Divvying people into categories based on their income or their age group, however, does not reveal the nuances of their emotionally-driven purchases. Labels are not going to help you write effective emotionally impactful marketing copy. Directing marketing to an age-based market segment is missing a the magic ingredient—what makes people buy what you are selling? You have to do more legwork.
Getting to Why
Given that people aren’t rational when it comes to making decisions to buy, how do you take that into consideration when trying to attract them to your site and then get them to take action?
The key is to find out and understand the worldview of the people who want your products. Once you know how a group of people feels about something you will have the key to speaking their language and connect with their spending decisions.
As an example, let’s look at boomers. They are a huge population, and they generally want to spend their money. People of their age will respond to certain things, and we know that nostalgia can be very persuasive. I have been struck with the number of stores and restaurants designed in a way to remind us of times that are portrayed as simpler and better in some way. In my neighborhood alone we have several good examples of this. At the corner of my street is The Merchant, a retail store that is my favorite place for gifts. Check out their website and you will see exactly what I’m talking about.
And there are plethora of restaurants that work on us in the same way. WH Stiles Fish Camp, is a new restaurant at the Ponce City Market which is another center of nostalgia.
For these boomers and other consumers with a nostalgic mindset, the present is full of our day-to-day problems and the future is fraught with uncertainty, so they romanticize the past. Products and services that remind them of better days appeal to their emotional side—and that’s where buying decisions are made.
Which brings me back to the cooktop example. What kind of person would buy an expensive stove with blue knobs? What are their beliefs and values? I am in the boomer age range but not all boomers would respond the same way to that stove.
Sometimes emotion is about color. I know I did not need that stove, but I justified my emotion with some logic: It would be good for another 15 years and it looked really great in the kitchen. It makes me happy when I look at the stove and see how those knobs match my ceiling, the container of sea salt and the new Dutch oven I got for Christmas. Yes, it works well, like my other stove that connected with my practical side—but not my emotions. This stove is more me.

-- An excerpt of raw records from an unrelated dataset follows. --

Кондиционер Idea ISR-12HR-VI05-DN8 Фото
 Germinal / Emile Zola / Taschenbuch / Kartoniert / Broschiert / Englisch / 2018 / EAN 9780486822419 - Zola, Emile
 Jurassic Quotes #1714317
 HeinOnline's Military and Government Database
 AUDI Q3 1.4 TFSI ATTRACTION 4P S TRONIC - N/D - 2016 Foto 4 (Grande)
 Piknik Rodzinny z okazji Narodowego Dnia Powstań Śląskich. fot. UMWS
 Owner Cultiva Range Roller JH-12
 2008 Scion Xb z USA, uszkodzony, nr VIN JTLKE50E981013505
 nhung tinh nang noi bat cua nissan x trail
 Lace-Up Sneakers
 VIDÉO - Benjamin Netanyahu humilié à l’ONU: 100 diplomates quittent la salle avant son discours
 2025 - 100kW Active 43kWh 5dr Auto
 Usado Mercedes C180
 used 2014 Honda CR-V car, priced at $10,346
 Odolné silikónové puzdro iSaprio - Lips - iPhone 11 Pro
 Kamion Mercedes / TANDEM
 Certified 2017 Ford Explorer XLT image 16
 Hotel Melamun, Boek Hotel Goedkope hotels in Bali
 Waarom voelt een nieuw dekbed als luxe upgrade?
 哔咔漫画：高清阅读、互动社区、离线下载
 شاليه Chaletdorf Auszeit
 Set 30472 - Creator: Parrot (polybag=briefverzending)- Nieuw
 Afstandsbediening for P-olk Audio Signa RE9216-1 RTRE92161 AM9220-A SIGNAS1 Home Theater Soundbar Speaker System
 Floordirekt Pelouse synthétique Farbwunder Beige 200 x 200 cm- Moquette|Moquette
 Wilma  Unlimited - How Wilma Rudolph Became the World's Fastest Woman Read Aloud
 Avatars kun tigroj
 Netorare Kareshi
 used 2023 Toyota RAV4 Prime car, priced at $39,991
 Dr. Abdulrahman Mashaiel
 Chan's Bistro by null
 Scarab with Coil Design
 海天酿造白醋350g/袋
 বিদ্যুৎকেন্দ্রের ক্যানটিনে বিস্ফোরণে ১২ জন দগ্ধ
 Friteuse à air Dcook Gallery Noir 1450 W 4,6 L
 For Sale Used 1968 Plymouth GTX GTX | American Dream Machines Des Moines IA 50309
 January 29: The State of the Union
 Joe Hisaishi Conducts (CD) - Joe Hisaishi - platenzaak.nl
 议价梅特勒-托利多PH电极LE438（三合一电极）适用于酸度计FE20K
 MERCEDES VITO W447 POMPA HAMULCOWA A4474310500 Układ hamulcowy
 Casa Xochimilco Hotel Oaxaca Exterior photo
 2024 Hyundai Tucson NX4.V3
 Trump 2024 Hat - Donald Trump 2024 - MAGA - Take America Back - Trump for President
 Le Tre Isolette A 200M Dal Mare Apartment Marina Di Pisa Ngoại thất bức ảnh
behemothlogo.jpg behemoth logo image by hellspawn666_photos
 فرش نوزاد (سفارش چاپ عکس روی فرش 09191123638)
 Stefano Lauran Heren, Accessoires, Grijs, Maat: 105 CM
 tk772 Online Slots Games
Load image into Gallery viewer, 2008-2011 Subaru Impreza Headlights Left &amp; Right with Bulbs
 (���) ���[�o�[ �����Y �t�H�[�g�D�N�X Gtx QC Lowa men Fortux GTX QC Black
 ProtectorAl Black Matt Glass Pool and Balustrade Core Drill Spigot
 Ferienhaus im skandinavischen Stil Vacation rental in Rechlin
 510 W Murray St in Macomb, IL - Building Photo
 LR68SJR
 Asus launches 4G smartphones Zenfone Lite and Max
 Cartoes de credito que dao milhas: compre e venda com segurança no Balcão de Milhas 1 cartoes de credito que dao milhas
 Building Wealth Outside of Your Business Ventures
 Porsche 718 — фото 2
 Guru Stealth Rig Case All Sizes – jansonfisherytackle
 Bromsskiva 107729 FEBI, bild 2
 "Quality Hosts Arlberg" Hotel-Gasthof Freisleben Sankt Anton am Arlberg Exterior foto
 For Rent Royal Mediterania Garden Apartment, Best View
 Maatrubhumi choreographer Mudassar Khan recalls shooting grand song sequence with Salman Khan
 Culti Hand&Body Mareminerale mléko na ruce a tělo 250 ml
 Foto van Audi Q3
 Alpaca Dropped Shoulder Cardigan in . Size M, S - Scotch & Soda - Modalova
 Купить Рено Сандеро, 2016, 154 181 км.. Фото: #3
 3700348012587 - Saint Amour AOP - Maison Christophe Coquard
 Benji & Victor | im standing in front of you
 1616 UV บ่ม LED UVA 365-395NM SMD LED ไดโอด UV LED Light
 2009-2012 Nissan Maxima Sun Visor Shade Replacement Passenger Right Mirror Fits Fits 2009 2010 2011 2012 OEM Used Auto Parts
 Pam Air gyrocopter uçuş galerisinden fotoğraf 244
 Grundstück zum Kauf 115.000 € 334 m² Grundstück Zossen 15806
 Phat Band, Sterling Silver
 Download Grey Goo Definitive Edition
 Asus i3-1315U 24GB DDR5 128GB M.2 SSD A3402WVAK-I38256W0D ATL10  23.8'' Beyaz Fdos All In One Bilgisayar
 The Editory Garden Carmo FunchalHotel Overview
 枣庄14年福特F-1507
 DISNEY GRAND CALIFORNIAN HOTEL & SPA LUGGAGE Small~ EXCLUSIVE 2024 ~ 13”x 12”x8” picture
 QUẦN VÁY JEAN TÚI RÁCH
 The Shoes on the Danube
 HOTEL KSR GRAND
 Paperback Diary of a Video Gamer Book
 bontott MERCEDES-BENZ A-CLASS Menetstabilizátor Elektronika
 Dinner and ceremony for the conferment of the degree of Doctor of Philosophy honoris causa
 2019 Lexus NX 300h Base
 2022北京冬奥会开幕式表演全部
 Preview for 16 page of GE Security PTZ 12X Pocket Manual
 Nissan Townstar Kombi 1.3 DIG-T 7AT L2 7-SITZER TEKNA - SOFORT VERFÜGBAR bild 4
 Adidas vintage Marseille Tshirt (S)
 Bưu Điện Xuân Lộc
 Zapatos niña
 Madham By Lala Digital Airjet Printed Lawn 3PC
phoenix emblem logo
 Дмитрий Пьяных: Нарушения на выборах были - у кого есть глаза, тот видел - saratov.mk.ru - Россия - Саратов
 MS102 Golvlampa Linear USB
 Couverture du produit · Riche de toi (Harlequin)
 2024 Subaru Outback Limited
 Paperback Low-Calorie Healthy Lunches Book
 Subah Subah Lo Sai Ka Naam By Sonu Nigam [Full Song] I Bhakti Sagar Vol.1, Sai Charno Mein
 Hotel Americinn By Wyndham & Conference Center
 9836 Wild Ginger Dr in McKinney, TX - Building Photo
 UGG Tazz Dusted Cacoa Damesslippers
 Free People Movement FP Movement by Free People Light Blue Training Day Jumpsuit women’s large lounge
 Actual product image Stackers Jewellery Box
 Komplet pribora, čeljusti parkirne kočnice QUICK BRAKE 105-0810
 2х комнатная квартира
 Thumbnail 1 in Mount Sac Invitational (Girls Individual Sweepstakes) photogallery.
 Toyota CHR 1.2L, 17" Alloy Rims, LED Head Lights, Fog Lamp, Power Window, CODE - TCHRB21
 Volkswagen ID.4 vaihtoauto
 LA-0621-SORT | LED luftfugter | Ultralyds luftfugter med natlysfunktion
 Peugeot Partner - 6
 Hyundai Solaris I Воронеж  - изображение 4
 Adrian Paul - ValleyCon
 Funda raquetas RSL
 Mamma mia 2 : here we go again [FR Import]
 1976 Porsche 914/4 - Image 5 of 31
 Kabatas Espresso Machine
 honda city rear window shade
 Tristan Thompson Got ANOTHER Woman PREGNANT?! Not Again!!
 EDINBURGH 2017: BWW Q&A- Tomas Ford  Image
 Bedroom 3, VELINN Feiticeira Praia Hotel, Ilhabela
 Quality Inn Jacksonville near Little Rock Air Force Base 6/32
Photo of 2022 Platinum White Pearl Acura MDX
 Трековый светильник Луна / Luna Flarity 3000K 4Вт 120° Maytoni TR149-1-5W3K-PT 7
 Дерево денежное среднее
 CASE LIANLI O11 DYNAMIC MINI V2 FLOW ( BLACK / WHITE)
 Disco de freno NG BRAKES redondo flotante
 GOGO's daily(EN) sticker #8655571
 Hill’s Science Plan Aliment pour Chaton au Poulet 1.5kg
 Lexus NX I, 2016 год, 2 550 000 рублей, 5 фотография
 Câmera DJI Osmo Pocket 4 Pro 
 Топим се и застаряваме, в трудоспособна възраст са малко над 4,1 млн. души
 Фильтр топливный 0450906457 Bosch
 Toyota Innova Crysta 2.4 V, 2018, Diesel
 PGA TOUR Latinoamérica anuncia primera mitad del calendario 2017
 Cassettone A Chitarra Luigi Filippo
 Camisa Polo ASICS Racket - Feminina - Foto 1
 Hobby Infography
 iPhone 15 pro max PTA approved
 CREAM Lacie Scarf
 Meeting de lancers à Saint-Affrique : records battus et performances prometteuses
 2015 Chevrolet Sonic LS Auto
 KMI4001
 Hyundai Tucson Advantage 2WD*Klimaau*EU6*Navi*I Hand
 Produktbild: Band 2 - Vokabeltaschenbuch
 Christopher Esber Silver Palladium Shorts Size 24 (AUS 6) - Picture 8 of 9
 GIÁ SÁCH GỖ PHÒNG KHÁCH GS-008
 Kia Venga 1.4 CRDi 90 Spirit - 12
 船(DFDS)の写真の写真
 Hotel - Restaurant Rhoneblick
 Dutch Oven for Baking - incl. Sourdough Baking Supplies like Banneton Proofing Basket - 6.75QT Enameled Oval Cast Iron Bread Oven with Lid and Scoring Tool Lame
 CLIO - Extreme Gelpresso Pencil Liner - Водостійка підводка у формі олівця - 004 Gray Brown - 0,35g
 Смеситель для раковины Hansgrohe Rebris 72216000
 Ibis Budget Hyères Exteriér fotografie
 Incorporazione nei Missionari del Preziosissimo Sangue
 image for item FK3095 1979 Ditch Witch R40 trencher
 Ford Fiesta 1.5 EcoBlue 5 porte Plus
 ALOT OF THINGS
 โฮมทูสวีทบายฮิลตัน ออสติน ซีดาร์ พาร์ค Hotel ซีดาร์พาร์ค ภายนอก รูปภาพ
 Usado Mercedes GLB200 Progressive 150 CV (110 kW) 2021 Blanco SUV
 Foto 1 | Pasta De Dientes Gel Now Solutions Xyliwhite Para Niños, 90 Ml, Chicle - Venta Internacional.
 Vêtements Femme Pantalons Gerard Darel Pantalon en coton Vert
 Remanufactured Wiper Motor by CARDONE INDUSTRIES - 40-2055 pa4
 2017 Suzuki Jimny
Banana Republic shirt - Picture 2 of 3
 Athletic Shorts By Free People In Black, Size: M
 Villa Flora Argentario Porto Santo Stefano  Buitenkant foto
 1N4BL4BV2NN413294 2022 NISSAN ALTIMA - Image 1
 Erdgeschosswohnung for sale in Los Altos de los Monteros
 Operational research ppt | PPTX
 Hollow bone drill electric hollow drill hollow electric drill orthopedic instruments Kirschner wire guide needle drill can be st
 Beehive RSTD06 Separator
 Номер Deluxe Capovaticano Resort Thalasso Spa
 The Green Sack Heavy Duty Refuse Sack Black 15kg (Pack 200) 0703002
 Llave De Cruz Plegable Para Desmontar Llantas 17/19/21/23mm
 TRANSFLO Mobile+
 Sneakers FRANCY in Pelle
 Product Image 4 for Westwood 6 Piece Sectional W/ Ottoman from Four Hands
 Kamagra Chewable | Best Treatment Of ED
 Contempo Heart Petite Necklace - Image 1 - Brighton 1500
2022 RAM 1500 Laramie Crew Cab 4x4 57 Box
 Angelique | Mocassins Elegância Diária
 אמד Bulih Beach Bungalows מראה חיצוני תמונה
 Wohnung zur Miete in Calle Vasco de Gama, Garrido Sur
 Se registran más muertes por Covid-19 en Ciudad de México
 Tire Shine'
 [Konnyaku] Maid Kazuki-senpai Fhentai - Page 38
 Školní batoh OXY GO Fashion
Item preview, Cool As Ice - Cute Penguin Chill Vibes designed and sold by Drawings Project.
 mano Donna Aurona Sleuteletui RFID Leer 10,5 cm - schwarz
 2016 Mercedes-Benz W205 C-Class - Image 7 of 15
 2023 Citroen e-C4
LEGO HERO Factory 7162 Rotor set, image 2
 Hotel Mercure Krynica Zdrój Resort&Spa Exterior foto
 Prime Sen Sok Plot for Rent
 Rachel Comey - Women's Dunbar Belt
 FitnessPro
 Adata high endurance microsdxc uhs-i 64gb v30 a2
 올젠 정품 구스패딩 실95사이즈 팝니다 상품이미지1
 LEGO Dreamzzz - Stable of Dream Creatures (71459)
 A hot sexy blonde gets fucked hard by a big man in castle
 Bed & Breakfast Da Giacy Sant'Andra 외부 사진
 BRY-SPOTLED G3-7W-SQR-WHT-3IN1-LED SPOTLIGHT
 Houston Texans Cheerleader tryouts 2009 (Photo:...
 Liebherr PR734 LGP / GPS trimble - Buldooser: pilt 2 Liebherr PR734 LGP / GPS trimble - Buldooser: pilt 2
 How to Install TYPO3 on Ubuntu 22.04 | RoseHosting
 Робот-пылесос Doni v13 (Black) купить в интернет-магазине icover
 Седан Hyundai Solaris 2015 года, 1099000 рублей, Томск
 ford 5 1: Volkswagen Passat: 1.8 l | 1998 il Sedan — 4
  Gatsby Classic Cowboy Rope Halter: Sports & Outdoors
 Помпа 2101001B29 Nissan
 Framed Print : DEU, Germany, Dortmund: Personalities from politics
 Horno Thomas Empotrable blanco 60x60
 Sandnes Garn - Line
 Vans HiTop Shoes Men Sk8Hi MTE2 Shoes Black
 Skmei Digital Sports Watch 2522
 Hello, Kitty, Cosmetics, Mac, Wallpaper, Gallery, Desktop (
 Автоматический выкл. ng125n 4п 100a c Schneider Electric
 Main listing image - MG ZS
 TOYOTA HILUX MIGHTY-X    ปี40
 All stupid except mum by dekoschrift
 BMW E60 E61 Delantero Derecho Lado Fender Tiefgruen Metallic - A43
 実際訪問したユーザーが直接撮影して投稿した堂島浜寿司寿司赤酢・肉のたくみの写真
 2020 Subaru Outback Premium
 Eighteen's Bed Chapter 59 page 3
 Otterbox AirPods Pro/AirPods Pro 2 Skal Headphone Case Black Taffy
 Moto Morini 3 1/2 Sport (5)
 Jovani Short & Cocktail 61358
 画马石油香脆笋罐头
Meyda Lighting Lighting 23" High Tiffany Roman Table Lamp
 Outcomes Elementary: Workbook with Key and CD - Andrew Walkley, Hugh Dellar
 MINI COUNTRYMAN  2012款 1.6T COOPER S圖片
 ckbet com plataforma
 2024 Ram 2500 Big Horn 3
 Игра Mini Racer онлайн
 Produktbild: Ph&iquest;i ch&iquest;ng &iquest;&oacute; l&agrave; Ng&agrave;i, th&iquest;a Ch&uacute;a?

My emotionally driven decision to buy my fancy stove makes me part of a tribe of practical design fanatics who like to cook. If I were writing copy to this group, I would present a fantastic opportunity: If one has to spend money on a major appliance, one should seize the chance to buy a beautiful one with bright blue knobs.
The trick is to know your customer’s beliefs and values so well that you know what makes them tick and why they buy. Think about them as their own tribe with their own language about these things that are important; they are a group who really, really need and want what you provide.
From this knowledge, you can write the words they need to hear. You have to be willing to go out on a limb with a message that will make your ideal clients stop in their tracks.
It isn’t easy. Even business owners want to fit into our cliques and avoid anything that makes us look foolish. But playing it safe isn’t doing you any favors. By writing the same kind of safe, logical, bland copy as your competitors, you doom yourself to the same kind of mediocrity.
Why not take a risk that might just work?